Wigner outside the lab models the lab as:
$$\frac{1}{\sqrt{2}}\left(|\uparrow\rangle + |\downarrow\rangle\right)\otimes|D_{0}\rangle\otimes |L_{0}\rangle$$
where $D_{0}$ represents the device in the "ready" state before any readings and $L_{0}$ is the initial state of the lab.

After under unitary evolution the entire lab evolves for Wigner as:
$$\frac{1}{\sqrt{2}}\left(|\uparrow\rangle \otimes |D_{\uparrow}\rangle \otimes |L_{\uparrow}\rangle + |\downarrow\rangle \otimes |D_{\downarrow}\rangle \otimes |L_{\downarrow}\rangle\right)$$
where $\{|D_{\downarrow}\rangle ,|D_{\uparrow}\rangle\}$ represents indicator states of the device and $\{|L_{\downarrow}\rangle ,|L_{\uparrow}\rangle\}$ are corresponding states of the lab.
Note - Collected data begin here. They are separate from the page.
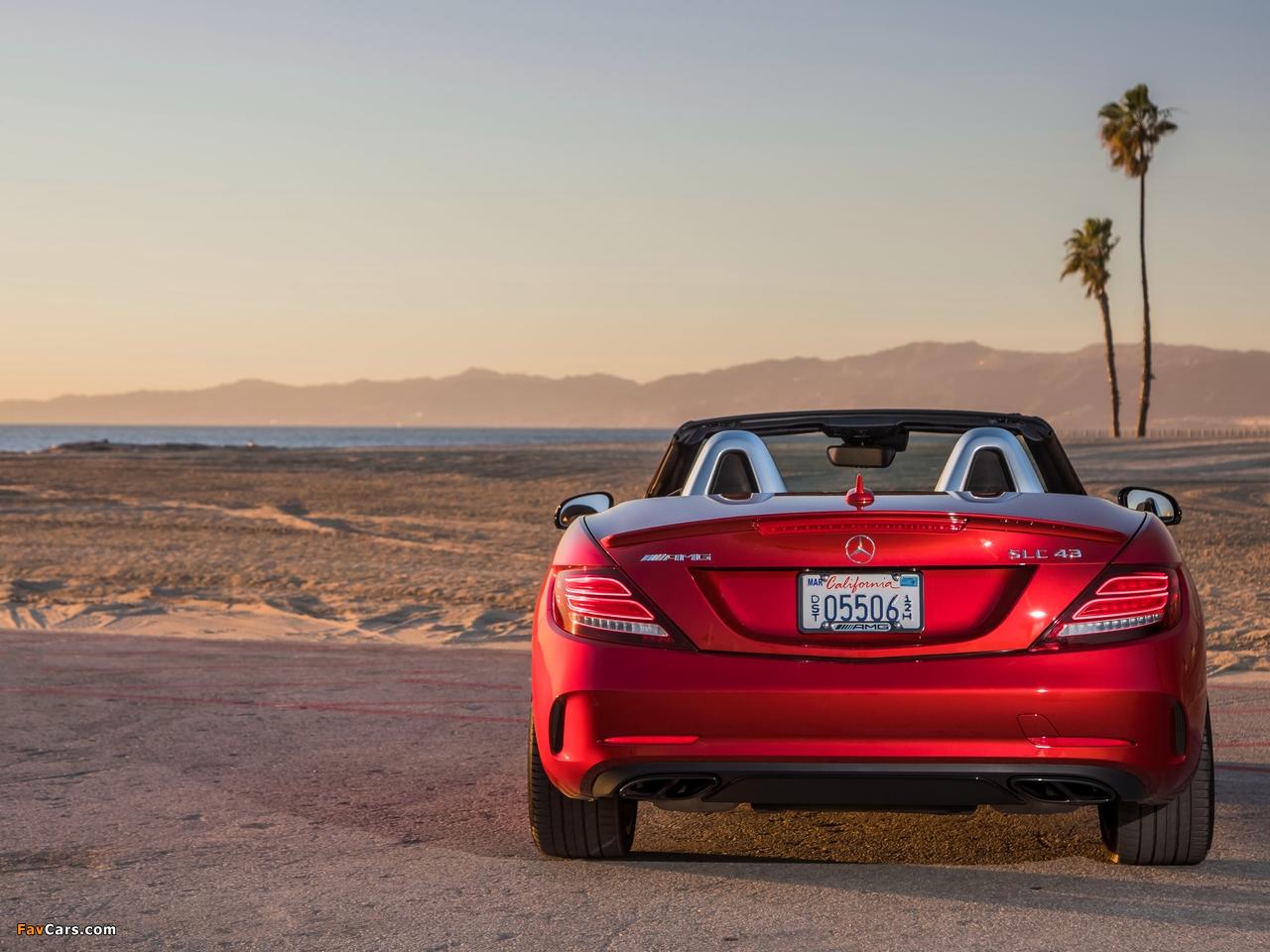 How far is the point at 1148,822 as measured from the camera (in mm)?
4320

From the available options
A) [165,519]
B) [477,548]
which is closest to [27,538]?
[165,519]

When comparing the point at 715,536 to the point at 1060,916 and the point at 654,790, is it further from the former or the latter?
the point at 1060,916

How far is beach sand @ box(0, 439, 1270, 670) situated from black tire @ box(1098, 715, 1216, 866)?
5.71 metres

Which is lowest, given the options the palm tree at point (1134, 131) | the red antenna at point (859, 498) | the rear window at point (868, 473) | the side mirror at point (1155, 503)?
the rear window at point (868, 473)

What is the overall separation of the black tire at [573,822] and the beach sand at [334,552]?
249 inches

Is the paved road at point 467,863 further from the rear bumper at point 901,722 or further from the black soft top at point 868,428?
the black soft top at point 868,428

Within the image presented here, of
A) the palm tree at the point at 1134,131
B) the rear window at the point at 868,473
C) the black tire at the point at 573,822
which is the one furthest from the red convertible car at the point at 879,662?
the palm tree at the point at 1134,131

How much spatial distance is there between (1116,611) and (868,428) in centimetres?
237

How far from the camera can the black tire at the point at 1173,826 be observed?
168 inches

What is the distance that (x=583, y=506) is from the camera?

Wigner can then measure the entire lab system in the basis:
$$\left\{\frac{1}{\sqrt{2}}\left(|\uparrow\rangle \otimes |D_{\uparrow}\rangle \otimes |L_{\uparrow}\rangle + |\downarrow\rangle \otimes |D_{\downarrow}\rangle \otimes |L_{\downarrow}\rangle\right),\\ \frac{1}{\sqrt{2}}\left(|\uparrow\rangle \otimes |D_{\uparrow}\rangle \otimes |L_{\uparrow}\rangle - |\downarrow\rangle \otimes |D_{\downarrow}\rangle \otimes |L_{\downarrow}\rangle\right)\right\}$$
corresponding to some observable $\mathcal{X}$. Assigning $\{E_{+},E_{-}\}$ to indicate the two outcomes for brevity, he will have
$$P(E_{+}) = 1$$
in seeming contradiction with the device having recorded some result.

#### DarMM

Gold Member
One question: Typically a family of histories is a projective decomposition of the identity, such that the probabilities of the histories sum to one. For the families above, I compute a probability of 0.25 for each history, and two histories in each family mean their probabilities sum to 0.5? Although maybe there are more general accounts of families beyond PDIs I'm not aware of.
Sorry a total error on my part. We have five families.

The first:
$$\left\{\left[ 0\right]\otimes\left[W_{0}\right] , \left[ 1\right]\otimes\left[W_{0}\right], \left[ 0\right]\otimes\left[W_{1}\right], \left[ 1\right]\otimes\left[W_{1}\right] \right\}$$
Only those with matching values have non-zero probability.

The second:
$$\left\{\left[ 0\right], \left[ 1\right] \right\}$$
both with 0.5

The third:
$$\left\{\left[W_{0}\right], \left[W_{1}\right] \right\}$$
both with 0.5

Obviously the second and third can be seen as a coarse-graining of the first.

The fourth:
$$\left\{\left[ 0\right]\otimes\left[W_{+}\right] , \left[ 1\right]\otimes\left[W_{+}\right], \left[ 0\right]\otimes\left[W_{-}\right], \left[ 1\right]\otimes\left[W_{-}\right] \right\}$$
with outcomes all having a probability of 0.25

The fifth:
$$\left\{\left[W_{+}\right], \left[W_{-}\right] \right\}$$
with the first outcome having $P\left(\left[W_{+}\right]\right) = 1$

Now the second family can be seen as a coarse graining of the fourth one, but the fifth is incompatible with the fourth.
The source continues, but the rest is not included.